TASK: The answer must consist of each line below that contains the string "categories".

STORED DATA:
* * * *

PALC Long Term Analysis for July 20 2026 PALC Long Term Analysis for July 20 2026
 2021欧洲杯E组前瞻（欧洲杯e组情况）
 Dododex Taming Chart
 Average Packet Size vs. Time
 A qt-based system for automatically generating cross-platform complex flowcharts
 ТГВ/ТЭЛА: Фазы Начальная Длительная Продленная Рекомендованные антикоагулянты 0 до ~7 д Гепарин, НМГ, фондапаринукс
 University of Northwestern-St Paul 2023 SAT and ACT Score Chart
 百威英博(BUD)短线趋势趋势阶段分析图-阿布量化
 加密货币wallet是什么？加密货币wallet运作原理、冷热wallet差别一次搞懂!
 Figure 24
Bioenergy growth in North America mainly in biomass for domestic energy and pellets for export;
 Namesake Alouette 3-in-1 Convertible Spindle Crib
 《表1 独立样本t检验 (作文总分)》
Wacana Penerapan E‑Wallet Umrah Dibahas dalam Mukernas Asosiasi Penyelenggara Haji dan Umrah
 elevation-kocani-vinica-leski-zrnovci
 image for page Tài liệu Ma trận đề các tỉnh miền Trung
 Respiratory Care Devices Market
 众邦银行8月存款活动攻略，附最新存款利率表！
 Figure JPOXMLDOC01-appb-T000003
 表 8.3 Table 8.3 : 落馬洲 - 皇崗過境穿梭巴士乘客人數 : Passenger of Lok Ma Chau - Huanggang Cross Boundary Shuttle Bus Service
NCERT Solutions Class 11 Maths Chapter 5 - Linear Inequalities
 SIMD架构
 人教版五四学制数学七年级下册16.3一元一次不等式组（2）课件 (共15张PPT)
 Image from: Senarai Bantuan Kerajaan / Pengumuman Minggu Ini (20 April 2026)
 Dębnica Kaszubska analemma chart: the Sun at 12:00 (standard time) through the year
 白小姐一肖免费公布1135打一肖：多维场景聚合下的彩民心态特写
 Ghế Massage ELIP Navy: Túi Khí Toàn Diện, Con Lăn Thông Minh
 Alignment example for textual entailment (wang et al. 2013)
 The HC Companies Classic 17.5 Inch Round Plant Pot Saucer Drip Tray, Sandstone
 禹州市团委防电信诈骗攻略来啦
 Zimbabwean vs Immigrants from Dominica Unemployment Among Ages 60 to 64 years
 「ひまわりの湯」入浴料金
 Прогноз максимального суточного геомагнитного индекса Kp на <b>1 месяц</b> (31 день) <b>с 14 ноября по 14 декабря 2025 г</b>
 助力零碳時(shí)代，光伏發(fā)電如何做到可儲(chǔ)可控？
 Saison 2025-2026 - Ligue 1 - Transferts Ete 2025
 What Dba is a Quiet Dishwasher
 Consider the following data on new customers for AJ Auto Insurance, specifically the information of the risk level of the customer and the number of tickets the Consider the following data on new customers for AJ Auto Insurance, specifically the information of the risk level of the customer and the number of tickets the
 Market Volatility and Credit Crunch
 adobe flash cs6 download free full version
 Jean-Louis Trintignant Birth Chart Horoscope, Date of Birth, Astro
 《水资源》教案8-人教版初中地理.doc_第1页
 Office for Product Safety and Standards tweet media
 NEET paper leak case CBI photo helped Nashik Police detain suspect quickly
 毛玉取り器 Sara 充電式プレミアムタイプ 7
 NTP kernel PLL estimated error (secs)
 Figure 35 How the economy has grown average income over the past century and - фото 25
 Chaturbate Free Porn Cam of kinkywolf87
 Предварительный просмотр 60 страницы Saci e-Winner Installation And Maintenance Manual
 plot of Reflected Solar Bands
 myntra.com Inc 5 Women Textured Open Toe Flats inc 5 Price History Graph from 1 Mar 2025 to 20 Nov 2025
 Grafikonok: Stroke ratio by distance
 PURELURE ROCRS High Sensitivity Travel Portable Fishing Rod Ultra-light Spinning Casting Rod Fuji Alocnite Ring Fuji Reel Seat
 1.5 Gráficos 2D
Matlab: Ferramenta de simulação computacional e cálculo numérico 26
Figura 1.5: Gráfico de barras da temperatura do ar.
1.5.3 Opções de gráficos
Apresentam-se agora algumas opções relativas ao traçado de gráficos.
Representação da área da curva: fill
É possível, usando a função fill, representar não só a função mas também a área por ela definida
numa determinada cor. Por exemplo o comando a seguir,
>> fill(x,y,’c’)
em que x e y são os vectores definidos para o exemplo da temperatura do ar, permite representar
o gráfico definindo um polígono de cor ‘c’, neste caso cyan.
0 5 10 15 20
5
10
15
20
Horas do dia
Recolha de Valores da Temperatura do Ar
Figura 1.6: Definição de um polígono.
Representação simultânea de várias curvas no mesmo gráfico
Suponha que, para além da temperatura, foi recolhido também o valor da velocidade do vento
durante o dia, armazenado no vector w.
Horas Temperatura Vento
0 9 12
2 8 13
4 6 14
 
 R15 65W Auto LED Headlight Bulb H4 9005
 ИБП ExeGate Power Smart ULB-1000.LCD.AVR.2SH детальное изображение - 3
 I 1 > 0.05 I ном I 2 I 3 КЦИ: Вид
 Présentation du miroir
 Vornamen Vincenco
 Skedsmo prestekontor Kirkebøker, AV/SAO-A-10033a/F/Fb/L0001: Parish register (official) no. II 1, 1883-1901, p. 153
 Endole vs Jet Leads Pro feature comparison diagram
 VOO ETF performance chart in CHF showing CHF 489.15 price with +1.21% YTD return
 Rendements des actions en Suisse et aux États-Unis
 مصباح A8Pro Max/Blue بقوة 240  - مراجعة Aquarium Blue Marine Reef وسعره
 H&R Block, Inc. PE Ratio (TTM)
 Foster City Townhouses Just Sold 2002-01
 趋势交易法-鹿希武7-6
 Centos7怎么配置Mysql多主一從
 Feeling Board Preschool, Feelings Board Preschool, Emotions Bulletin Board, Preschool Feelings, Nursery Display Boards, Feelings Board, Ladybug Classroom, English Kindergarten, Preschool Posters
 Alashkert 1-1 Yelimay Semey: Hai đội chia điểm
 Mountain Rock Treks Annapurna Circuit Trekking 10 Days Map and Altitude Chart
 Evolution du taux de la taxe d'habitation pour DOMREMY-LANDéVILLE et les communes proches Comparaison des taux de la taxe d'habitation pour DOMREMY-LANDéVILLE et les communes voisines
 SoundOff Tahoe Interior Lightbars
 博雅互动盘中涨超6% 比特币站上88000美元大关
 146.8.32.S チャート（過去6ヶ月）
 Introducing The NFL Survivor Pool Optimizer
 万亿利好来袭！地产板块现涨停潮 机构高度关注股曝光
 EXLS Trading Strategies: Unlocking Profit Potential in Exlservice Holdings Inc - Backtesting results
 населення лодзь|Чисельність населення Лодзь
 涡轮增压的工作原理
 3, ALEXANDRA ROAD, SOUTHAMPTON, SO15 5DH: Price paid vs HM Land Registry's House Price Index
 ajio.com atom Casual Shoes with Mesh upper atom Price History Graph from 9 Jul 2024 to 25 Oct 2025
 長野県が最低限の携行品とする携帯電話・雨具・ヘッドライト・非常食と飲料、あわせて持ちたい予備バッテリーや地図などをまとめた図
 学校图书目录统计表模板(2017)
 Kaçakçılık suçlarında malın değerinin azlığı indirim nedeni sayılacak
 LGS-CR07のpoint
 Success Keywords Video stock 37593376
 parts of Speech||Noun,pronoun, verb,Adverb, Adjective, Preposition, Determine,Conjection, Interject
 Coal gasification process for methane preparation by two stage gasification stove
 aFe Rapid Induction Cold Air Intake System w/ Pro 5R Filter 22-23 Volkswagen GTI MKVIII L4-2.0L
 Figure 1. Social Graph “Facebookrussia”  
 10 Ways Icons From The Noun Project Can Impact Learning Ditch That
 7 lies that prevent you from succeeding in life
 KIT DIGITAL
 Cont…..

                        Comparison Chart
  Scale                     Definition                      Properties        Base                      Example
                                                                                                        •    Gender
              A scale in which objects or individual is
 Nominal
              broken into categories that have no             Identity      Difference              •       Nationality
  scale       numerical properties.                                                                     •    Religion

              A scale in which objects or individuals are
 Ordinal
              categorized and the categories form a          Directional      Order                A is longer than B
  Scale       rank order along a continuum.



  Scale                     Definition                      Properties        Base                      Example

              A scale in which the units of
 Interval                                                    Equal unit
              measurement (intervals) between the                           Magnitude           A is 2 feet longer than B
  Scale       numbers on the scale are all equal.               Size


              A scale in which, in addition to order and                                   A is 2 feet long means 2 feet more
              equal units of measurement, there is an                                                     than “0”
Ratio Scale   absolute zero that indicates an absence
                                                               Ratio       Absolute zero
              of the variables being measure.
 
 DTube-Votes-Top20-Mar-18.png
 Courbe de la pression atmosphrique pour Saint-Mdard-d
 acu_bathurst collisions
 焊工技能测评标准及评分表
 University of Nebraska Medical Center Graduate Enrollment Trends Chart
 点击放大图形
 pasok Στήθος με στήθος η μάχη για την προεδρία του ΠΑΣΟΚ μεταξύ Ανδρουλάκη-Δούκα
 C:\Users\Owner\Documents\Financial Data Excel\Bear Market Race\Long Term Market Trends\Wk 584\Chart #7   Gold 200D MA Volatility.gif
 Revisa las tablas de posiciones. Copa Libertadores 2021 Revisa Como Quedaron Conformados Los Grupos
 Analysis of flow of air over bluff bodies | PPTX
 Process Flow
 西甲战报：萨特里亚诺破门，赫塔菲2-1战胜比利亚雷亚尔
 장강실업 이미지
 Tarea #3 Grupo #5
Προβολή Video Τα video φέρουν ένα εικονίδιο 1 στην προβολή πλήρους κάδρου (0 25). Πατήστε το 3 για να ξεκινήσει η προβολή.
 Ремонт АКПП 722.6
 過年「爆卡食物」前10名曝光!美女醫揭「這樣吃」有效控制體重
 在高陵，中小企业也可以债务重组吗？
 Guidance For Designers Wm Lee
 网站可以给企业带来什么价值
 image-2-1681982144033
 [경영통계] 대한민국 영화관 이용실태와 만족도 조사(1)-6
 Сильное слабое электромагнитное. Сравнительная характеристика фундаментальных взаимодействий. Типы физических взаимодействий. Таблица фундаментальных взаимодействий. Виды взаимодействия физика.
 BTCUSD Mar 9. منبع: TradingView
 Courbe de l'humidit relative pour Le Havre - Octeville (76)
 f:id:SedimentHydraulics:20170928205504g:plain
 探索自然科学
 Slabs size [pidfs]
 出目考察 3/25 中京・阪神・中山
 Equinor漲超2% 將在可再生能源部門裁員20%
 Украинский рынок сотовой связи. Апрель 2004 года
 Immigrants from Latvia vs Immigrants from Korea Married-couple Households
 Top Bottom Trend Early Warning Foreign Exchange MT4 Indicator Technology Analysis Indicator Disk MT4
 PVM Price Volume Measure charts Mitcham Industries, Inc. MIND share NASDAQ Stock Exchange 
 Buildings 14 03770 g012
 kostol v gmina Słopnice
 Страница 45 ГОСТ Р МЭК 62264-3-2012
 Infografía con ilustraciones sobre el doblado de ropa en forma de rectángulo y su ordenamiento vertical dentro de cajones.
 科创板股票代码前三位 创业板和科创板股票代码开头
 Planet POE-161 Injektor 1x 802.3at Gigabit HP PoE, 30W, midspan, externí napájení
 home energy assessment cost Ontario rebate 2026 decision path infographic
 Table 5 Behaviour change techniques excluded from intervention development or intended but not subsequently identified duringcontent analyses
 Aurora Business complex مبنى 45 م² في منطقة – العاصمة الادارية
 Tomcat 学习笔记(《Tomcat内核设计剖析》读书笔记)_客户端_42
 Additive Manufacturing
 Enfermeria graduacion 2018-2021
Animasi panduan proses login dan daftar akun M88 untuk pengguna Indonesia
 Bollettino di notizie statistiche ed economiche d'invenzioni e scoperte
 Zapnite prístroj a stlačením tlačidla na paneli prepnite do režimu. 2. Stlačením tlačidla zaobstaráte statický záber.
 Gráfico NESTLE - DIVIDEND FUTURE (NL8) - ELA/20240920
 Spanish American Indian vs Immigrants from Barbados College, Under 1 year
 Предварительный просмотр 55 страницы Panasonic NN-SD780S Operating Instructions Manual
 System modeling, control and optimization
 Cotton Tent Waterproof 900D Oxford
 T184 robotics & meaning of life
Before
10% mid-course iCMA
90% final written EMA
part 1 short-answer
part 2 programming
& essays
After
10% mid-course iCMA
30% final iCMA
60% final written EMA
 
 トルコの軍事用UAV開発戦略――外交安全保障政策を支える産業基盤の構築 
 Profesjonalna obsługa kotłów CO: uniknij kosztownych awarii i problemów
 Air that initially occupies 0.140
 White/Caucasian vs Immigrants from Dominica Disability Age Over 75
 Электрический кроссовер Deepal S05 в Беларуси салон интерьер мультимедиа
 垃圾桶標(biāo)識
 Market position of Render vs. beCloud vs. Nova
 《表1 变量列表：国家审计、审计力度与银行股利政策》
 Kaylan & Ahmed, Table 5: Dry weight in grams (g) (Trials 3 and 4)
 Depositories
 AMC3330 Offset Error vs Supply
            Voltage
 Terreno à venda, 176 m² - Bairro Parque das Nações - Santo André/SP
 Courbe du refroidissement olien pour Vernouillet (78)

* * * *

RESULT FOR THIS TASK:
              broken into categories that have no             Identity      Difference              •       Nationality
              categorized and the categories form a          Directional      Order                A is longer than B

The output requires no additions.